Look on eBay, people want between $90 and $160 for original model NES systems.supermario4 wrote: but the avs exists so how's it not possible to have it as a product then?
The AVS is $170 and only does 720p, the NT Mini is $450 and does 1080p
AVS: Xilnix Spartan 6 (about $18)
NT Mini: Altera Cyclone V (about $50)
The NT Mini also has two simultaneous outputs, HDMI and RGB/SCART/SVIDEO/Composite.
As I mentioned earlier for a FPGA-SNES, just the exact-same FGPA on the $600 development board is $426 alone. So we don't know what the minimum FPGA needed is yet.
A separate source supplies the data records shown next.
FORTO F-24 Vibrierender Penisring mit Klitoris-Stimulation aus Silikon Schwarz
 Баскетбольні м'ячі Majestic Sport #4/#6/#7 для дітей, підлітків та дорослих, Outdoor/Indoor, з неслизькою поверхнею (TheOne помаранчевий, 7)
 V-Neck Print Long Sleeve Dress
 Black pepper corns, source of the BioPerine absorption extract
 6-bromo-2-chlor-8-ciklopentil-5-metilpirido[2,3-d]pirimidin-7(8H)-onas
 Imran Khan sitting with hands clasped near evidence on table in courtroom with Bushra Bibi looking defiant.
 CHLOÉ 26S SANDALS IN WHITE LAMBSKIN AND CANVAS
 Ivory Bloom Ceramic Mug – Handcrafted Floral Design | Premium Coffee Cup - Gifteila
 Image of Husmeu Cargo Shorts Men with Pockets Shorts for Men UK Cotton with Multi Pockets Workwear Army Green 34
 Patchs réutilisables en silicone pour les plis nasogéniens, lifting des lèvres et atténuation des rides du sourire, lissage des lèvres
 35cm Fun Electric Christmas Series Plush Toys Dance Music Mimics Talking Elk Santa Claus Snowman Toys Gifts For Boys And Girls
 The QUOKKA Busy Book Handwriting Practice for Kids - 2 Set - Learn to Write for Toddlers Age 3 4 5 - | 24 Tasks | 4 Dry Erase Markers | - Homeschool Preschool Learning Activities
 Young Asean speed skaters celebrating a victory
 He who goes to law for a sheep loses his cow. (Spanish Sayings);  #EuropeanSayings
If we want a model that can just read a SD-card with games on it, that would require a much more expensive FPGA to emulate all the expansion chips. It's still too early to determine what can be built.
The people who built the AVS and the NT Mini are addressing the part of the gaming market that desires preserving the accuracy and ability to play the original cartridges. The NT Mini additionally has utility as a competitive gaming/streaming device due to having two outputs. Likewise it allows people to not have to risk losing/destroying their original NES.
I'm absolutely sure if the cost can be narrowed down, someone could kickstart a project to build a few prototypes using new-old-stock SNES parts, and an overpowered FPGA to leave some headroom for fixing bugs, and then when all the games have been tested a cheaper model could be built using the prototypes. But I don't expect a $200 FPGA-SNES.
We are getting too ahead of ourselves. It's very likely Nintendo will produce a "SNES classic" like they did with their NES classic, which are just software-emulators (like the Retron 5 or Retro Freak) and that may increase interest in playing SNES games authentically, or maybe people will just settle for the less-accurate-but-cheap product from Nintendo. A lot of interest in emulating the NES accurately is because the NES emulation on the Wii/WiiU color is actually poor on the TV (but OK on the WiiU controller.)